Once the line containing "Sticker Carré Anniversaire" is found, please copy it and all lines after it through the end of the records, exactly, leaving out pictures.

(Caption-style text data)
-=-=-

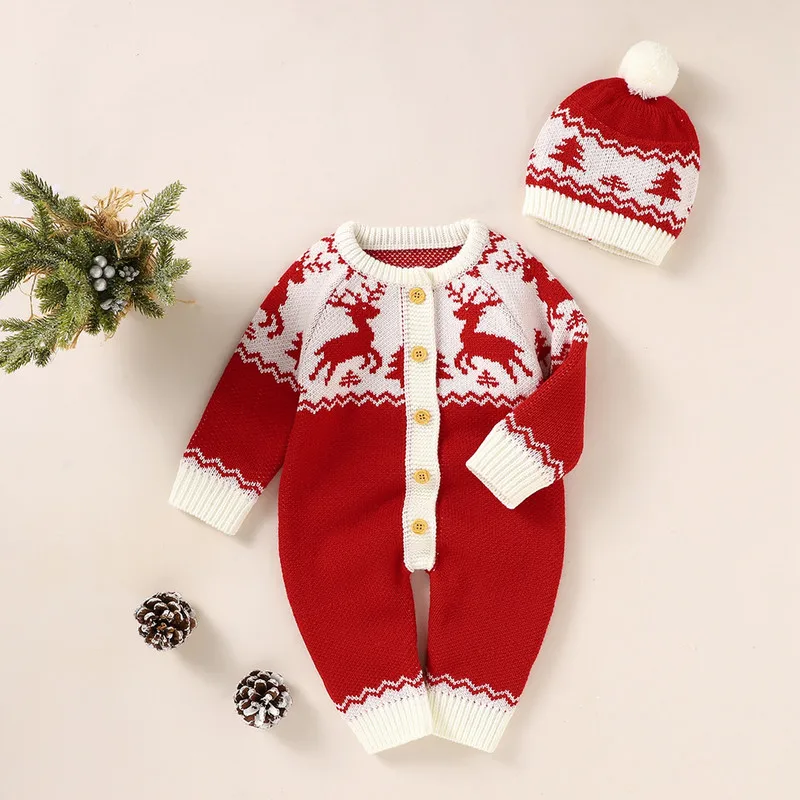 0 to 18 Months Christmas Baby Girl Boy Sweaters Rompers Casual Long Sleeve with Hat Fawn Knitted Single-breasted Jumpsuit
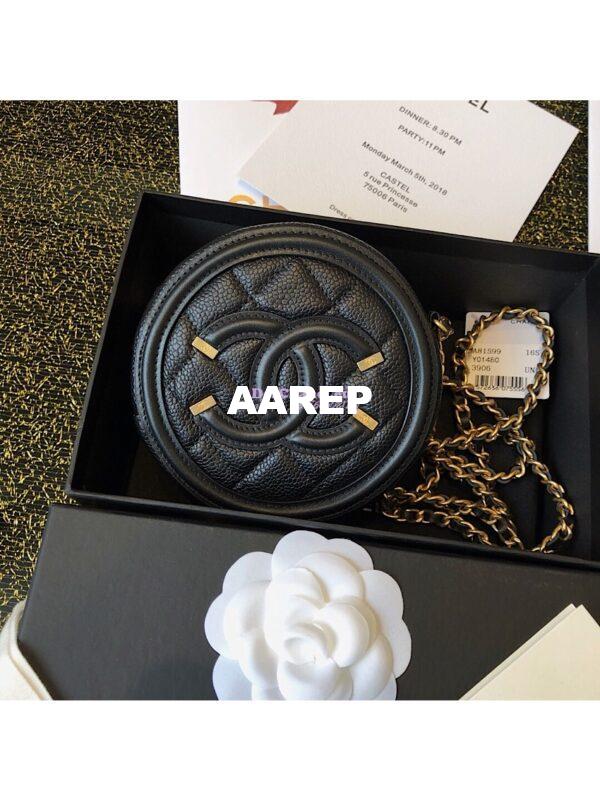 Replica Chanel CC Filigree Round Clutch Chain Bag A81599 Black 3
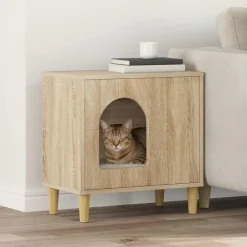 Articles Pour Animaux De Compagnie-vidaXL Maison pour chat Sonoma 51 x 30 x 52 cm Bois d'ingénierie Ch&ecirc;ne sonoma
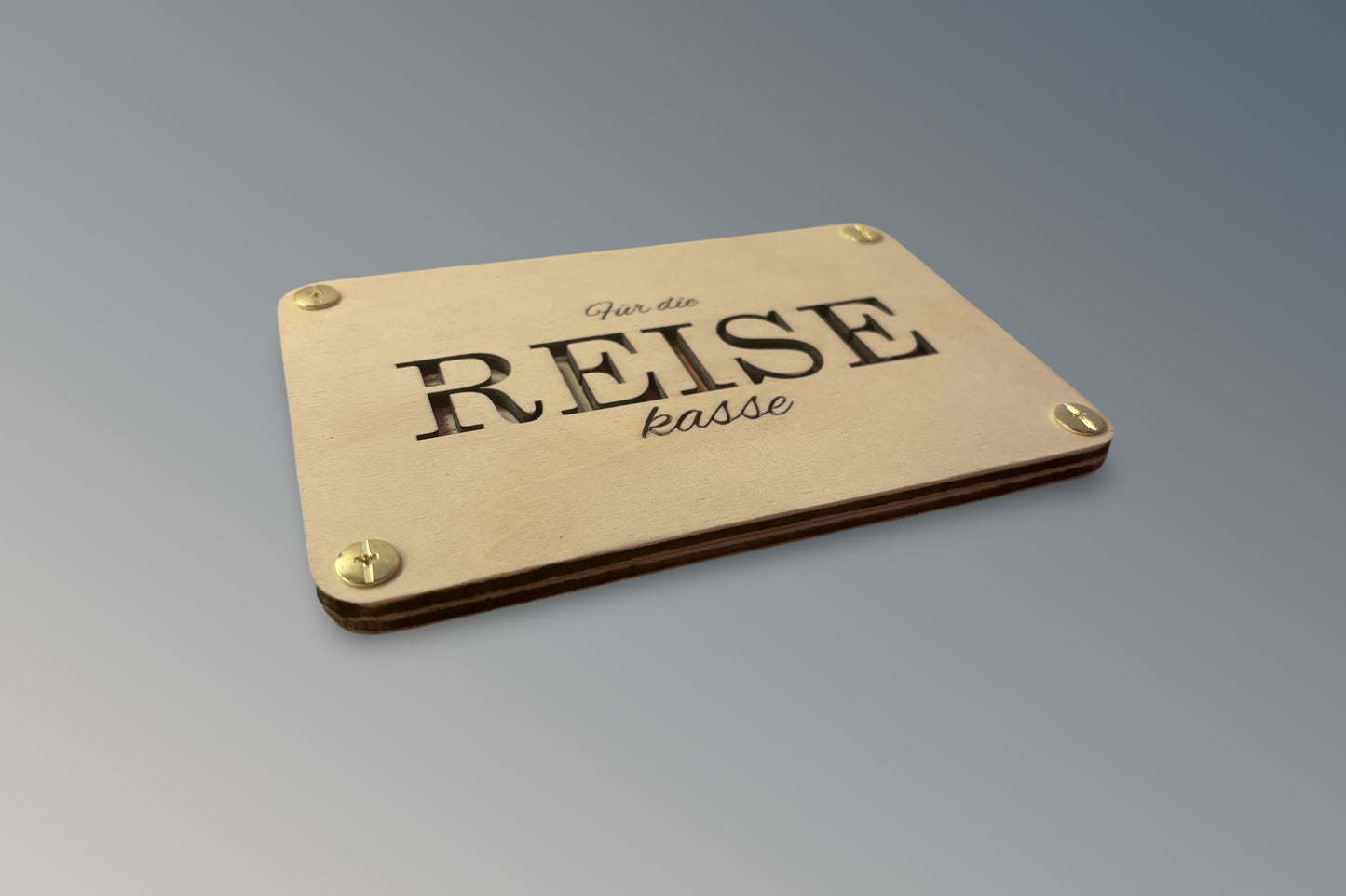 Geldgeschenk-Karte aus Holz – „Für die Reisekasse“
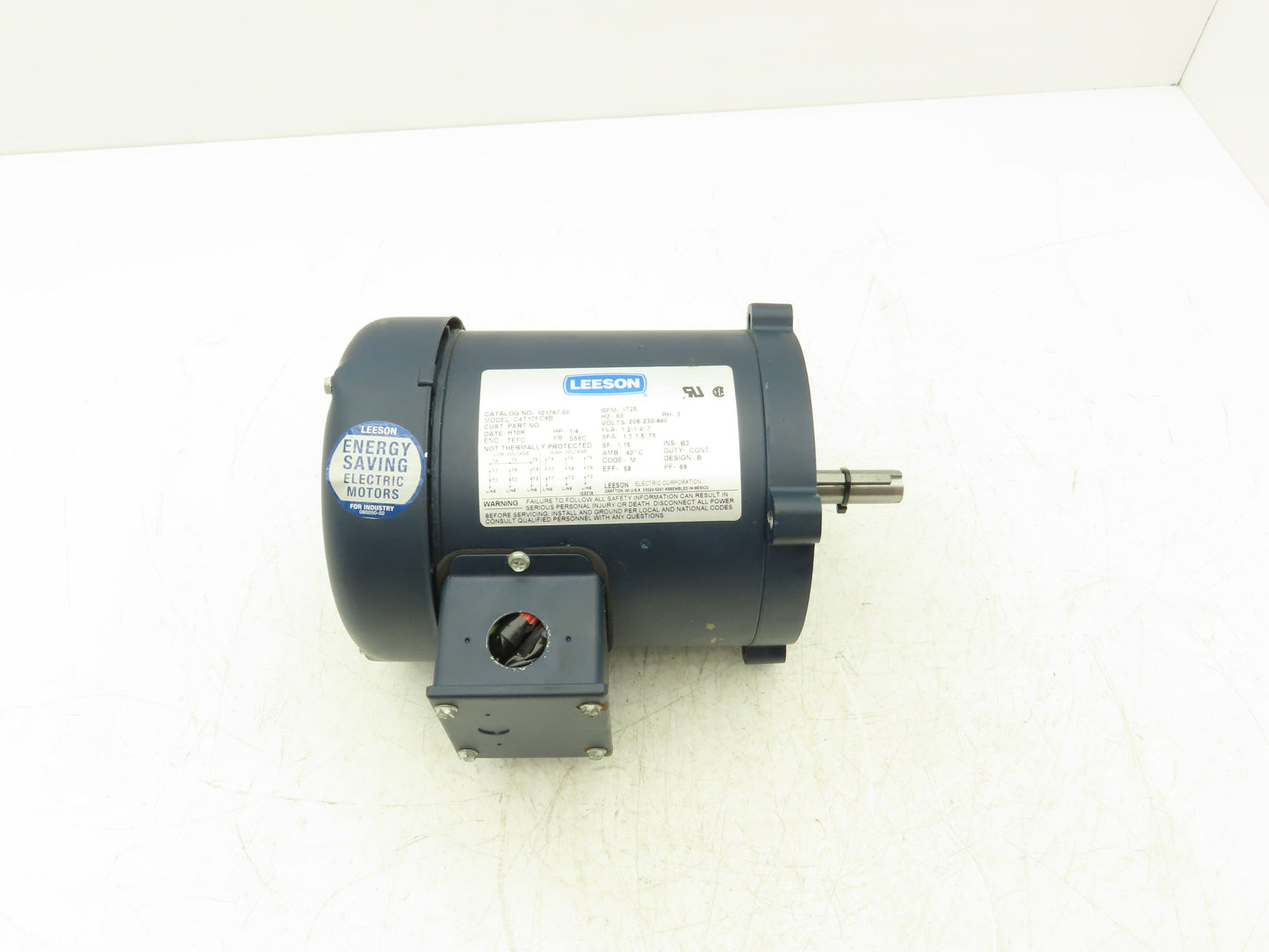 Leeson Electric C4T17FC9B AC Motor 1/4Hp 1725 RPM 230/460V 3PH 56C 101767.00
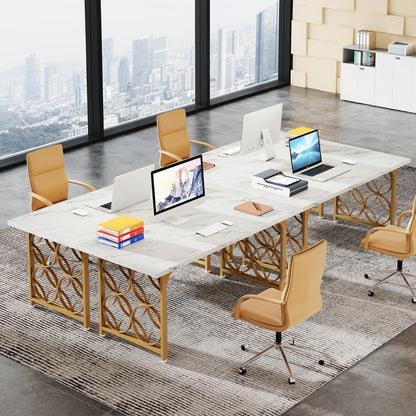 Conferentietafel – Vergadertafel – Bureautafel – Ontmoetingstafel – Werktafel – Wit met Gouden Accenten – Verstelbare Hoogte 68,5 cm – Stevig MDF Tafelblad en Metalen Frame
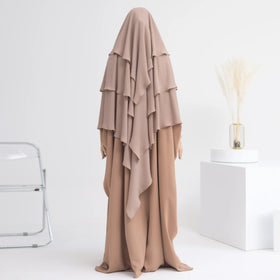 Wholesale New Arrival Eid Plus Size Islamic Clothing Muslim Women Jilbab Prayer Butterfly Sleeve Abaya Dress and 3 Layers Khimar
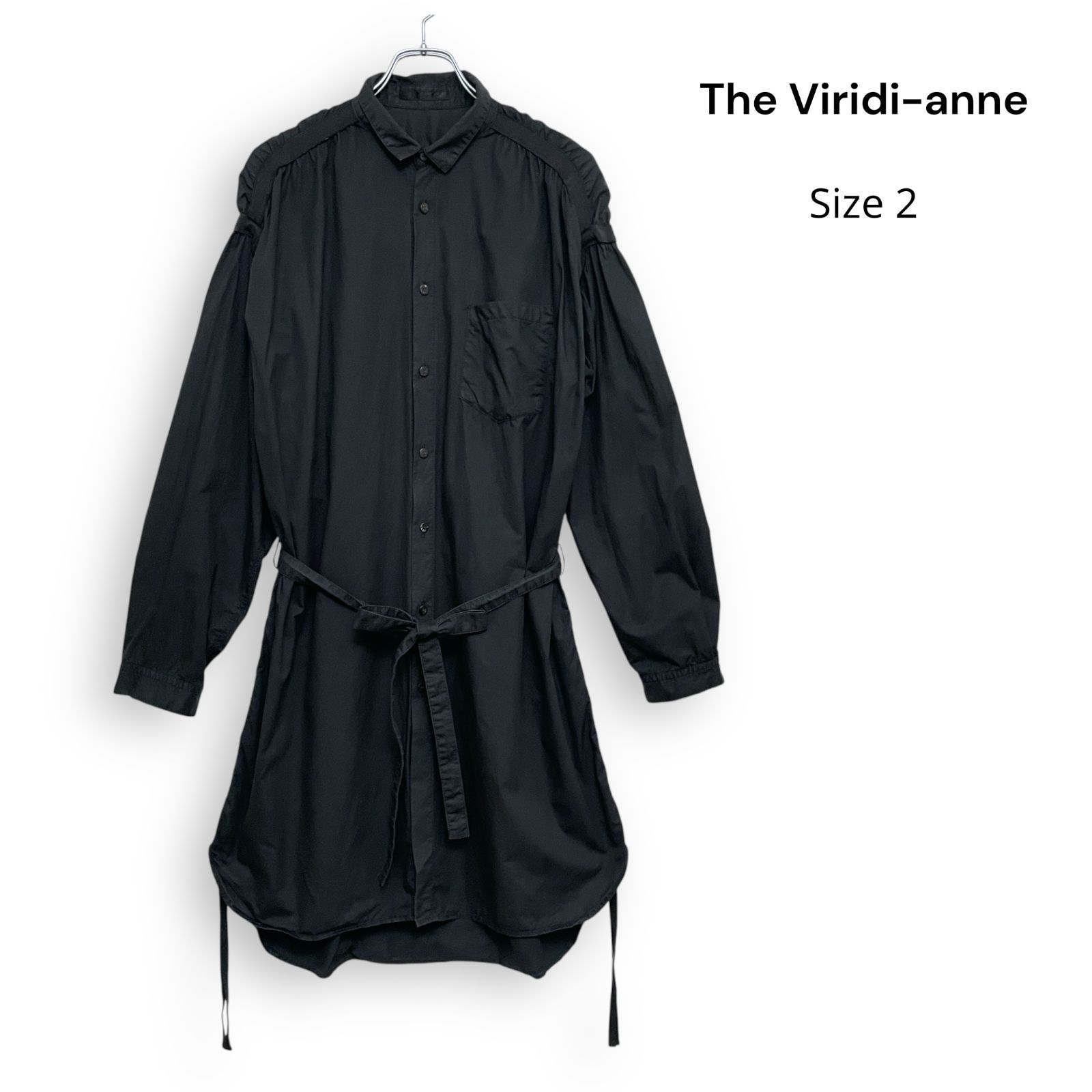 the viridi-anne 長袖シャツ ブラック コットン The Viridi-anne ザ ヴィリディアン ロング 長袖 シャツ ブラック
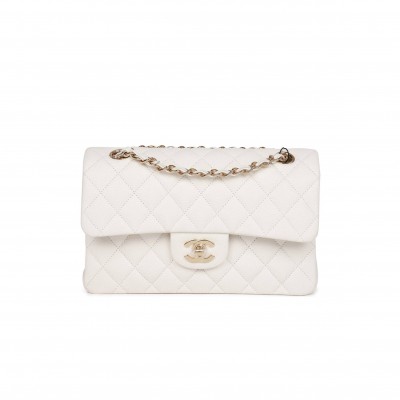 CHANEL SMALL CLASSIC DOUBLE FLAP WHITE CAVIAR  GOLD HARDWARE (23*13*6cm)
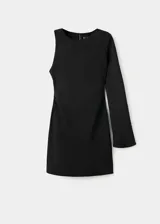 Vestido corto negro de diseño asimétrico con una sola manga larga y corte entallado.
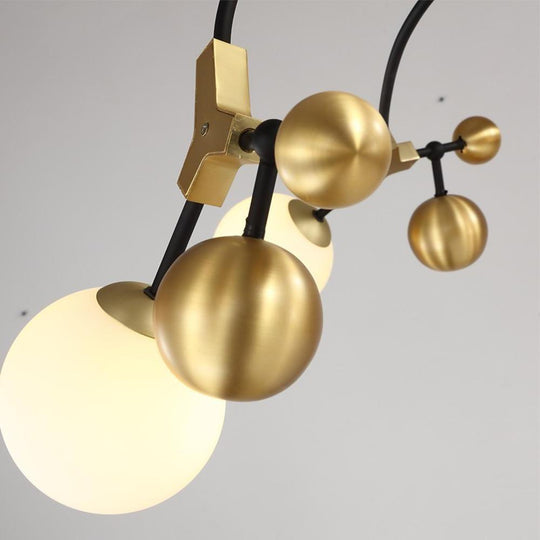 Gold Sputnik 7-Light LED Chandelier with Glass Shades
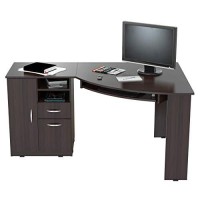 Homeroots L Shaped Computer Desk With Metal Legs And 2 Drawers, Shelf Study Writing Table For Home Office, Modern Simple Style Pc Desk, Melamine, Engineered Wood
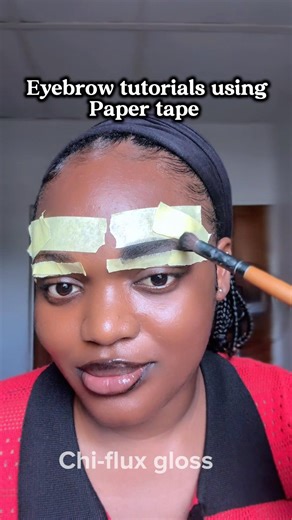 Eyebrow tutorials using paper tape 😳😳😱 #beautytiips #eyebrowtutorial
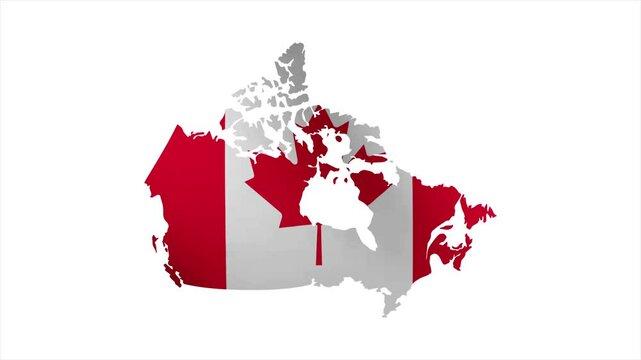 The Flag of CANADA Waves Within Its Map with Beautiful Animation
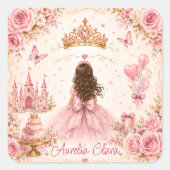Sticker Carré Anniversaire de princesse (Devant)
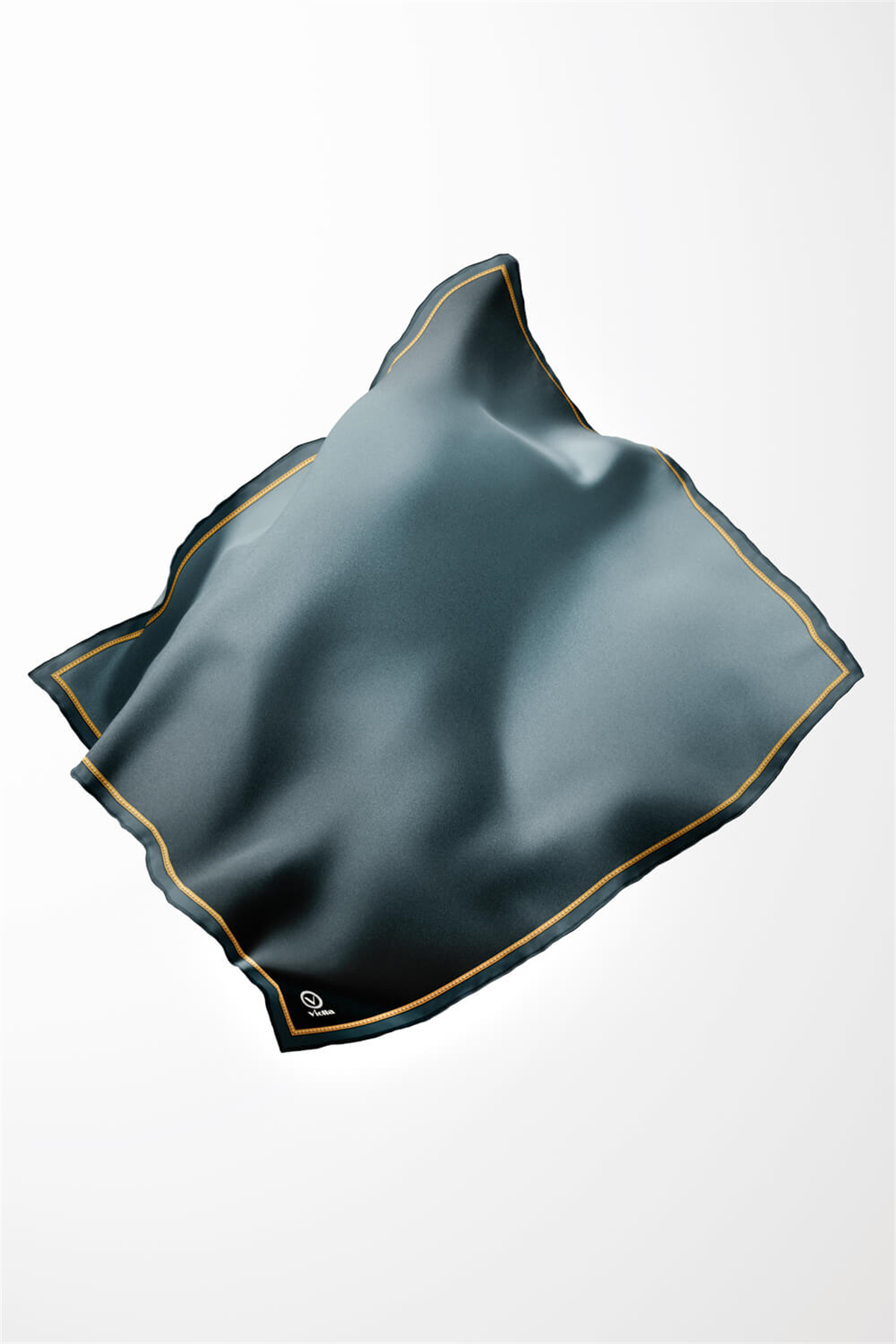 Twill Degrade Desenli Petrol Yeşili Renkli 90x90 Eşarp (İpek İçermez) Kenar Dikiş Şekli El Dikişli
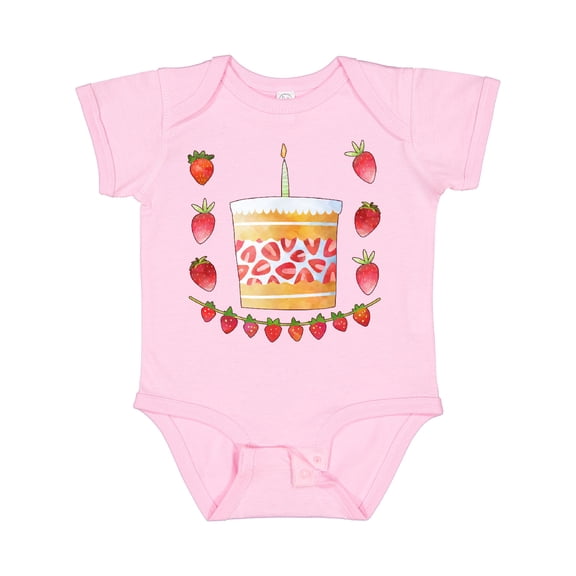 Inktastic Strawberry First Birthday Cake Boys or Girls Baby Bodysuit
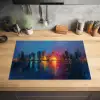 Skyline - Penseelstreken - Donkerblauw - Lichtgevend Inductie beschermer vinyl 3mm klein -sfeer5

-=-=-

[WRITTEN RESPONSE]
Sticker Carré Anniversaire de princesse (Devant)
 Twill Degrade Desenli Petrol Yeşili Renkli 90x90 Eşarp (İpek İçermez) Kenar Dikiş Şekli El Dikişli
 Inktastic Strawberry First Birthday Cake Boys or Girls Baby Bodysuit
 Skyline - Penseelstreken - Donkerblauw - Lichtgevend Inductie beschermer vinyl 3mm klein -sfeer5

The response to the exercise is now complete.